6. Limited communication method

The MG995, like nearly all hobby servos, uses the standard pulse code modulation system to transmit position control commands. This communications scheme, inherited from truly ancient analog control circuits in the earliest RC toys, has quite a few deficiencies. It can only send one type of information, position commands over a fixed range of angles at a fixed update rate. It requires a separate control line for each servo, requiring me to use a servo control board to translate the serial data stream from the radio into individual servo lines. It can’t return any data back from the servo, not even a basic ‘servo plugged in and working’ indication. Now it is true that most digital servos have a secondary digital communications mode which addresses some of these (the MG995, although digital, does not), and many of the newer servos designed specifically for robots dispense with the old PCM system entirely and use an addressed bidirectional data bus for communication. I approve of this trend, although those robot-specific servos are beyond my budget.

If I am replacing the control boards in these servos with custom-designed ones, I will design them to use a bidirectional addressed data scheme. This will allow me to dispense with the servo controller board, and return telemetry from each servo giving actual shaft position, current draw, temperature, fault indications, and other data such as I will think of.

7. Geartrain - not actually a deficiency!

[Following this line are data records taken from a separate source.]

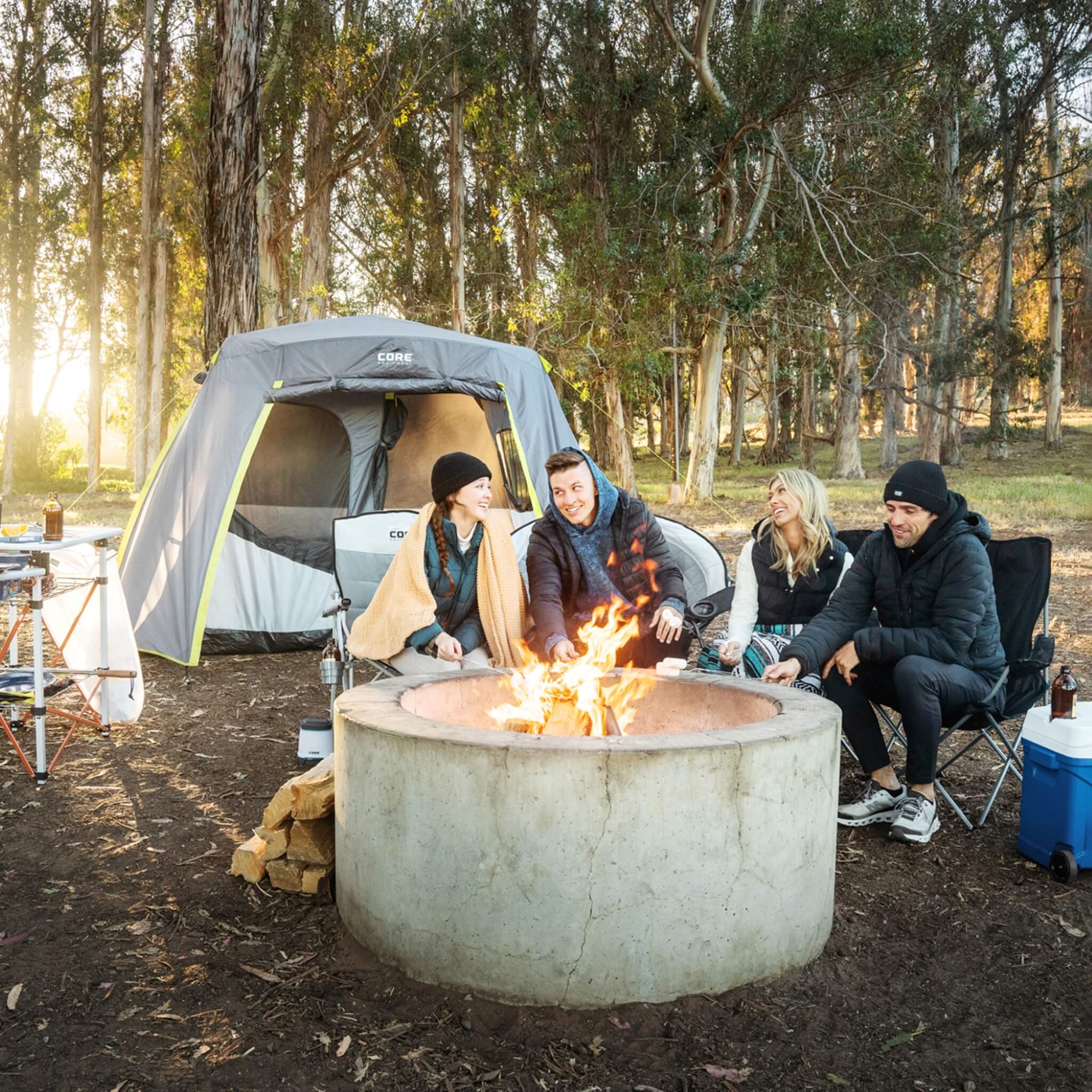 Friends gathered around campfire with CORE 6 person instant cabin tent in background, highlighting easy setup and spacious size.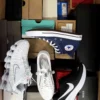 The photo shows a package with footwear in the category CS.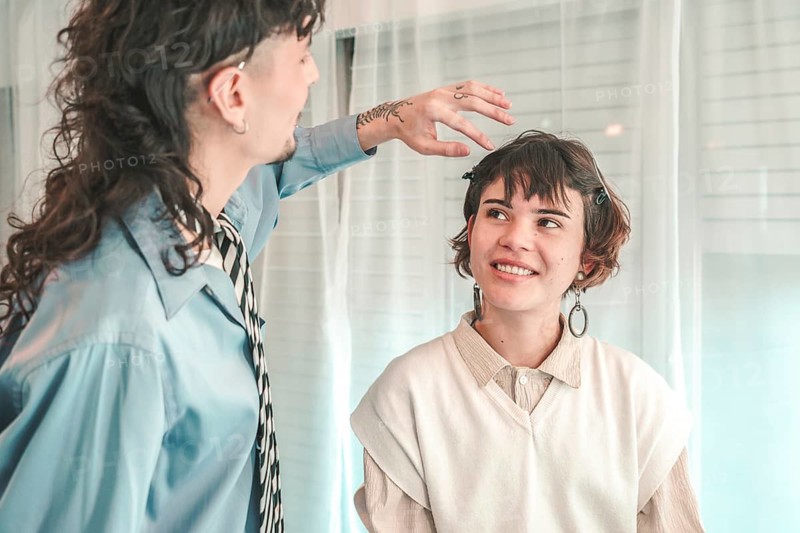 Hairdresser gently placing hand on client's head, preparing for a haircut in a bright and airy salon, showcasing a moment of connection and personalized service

The gear train in the MG995 is in my experience surprisingly robust, at least as compared with other servos I have tried. I have never seen gear teeth strip in a MG995, while stripped teeth happen with disturbing regularity in the Hitec servos I’ve tried. The Towerpro servo gears are thicker and appear to be more robust than the Hitec gears, which surprised me considering how nearly every other part of the servo was inferior.

I have seen the Towerpro servo gears fail in an odd and unique way, something I’ve never seen or heard of in other servos. Many of the gears are two-part, having a small steel pinion pressed into a larger brass gear. I have seen on a few servos the steel pinion pop out of the larger gear, accompanied by twisting or warping of the brass where the pinion was pressed in to it. This may be due to a manufacturing defect, with the smaller gear not properly pressed into the larger, but I suspect that gear misalignment due to the plastic case failing and letting the intermediate shaft wander out of position may contribute to the failure. Oddly enough, the gears which have failed this way still work if I manually press the loose pinion back into the main gear - the connection between them is not stripped, just not held together anymore.

I don’t intend to change the gears of these servos, they seem to be the one redeeming factor in an otherwise very cheaply made servo. Even if these turn out to strip as often as those in the HiTec servos after I’ve rebuilt the rest of the servo, an entire new MG995 is cheaper than just a replacement gear set for a Hitec HS-5645MG.

Our list of modifications is shaping up as follows:

New controller board with bidirectional serial data control and a better-tuned position feedback loop. Ideally, incorporating temperature and current sensing as well, and able to send telemetry back to the main control system.

Noncontact magnetic position sensing. Ideally, the magnetic position sensor would be mounted directly to the main PCB, provided this can be made to fit in the available space.

Structural improvements. The upper case needs to be stronger, both in the mounting tabs and the locating wells for the intermediate shafts. It is to be determined how I will do this.

You may look at this list of issues and ask why I’m bothering trying to work with these cheap little pieces of junk. To which I will repeat: $10 metal-gear ball-bearing digital servo with impressive speed and torque. The question to be determined is if I can make a reliable servo out of these and still have spend less than I would on a higher-end servo.